Ebbene, che cosa leggo di così importante a pag. 32? Don Giussani ha appena citato sedici versi di Leopardi tratti dal canto intitolato Alla sua donna letto da lui per la prima volta in terza ginnasio. In quei versi la vana ricerca della felicità giunta alla definitiva negazione di ogni speranza si conclude tuttavia con un grido di amore: "Se esisti in altri mondi, non in questo, ne ho armai la certezza, o supremo desiderio del cuore" - così dice Leopardi - e questa ipotesi equivale alla disperata negazione - "questo d'ignoto amante inno ricevi".

Giussani ha tredici-quattordici anni e al leggere quei versi è folgorato dalla seguente intuizione: l'infinito oggetto di quel supremo desiderio dell'uomo esiste ed è il punto di fuga di tutto ciò che possiamo pensare; e l'infinita distanza che lo separa da noi e che per sé lo farebbe irraggiungibile è stata colmata il giorno in cui il Verbo si è fatto carne. Il disegno straordinario tracciato nel primo capitolo di Giovanni conquista il cuore del giovinetto Luigi Giussani come la chiave di ogni pensiero pensabile. Tant'è che giunto all'età di ottant'anni riandando a quella scoperta pronuncia questa stupefacente e colossale affermazione: "Questo è stato il momento più decisivo della mia vita culturale".

Questo è il punto dal quale voglio cominciare.
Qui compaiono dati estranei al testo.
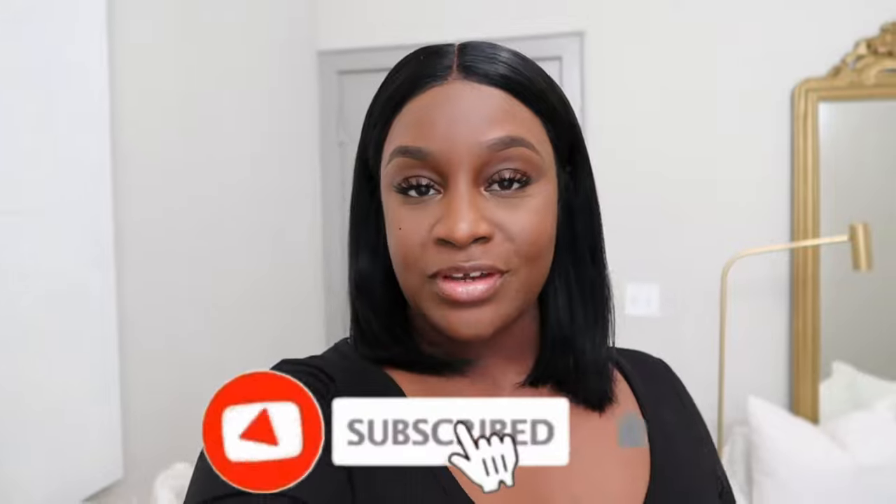Hey guys, it's Sharika and welcome back to my channel. If you guys are new to the channel, don't forget to subscribe before you leave. Before we jump into today's vlog, I would like to give a special shout out to Curling Me Hair for sponsoring this portion of today's video.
Notate bene: non dice "il momento più decisivo della mia personale storia religiosa" oppure "della mia esperienza cristiana" oppure "della mia ricerca teologica". Su cento teologi, non so quanti definirebbero così questa esperienza spirituale. Quella dichiarazione è così colossale che è doveroso scandagliarne la logica. Il processo concettuale di Giussani segue questo percorso.

1) "Se la fede non c'entrasse con la razionalità, la fede non potrebbe c'entrare con la vita, perché la razionalità è il modo di vivere tipico dell'uomo" (p. 28).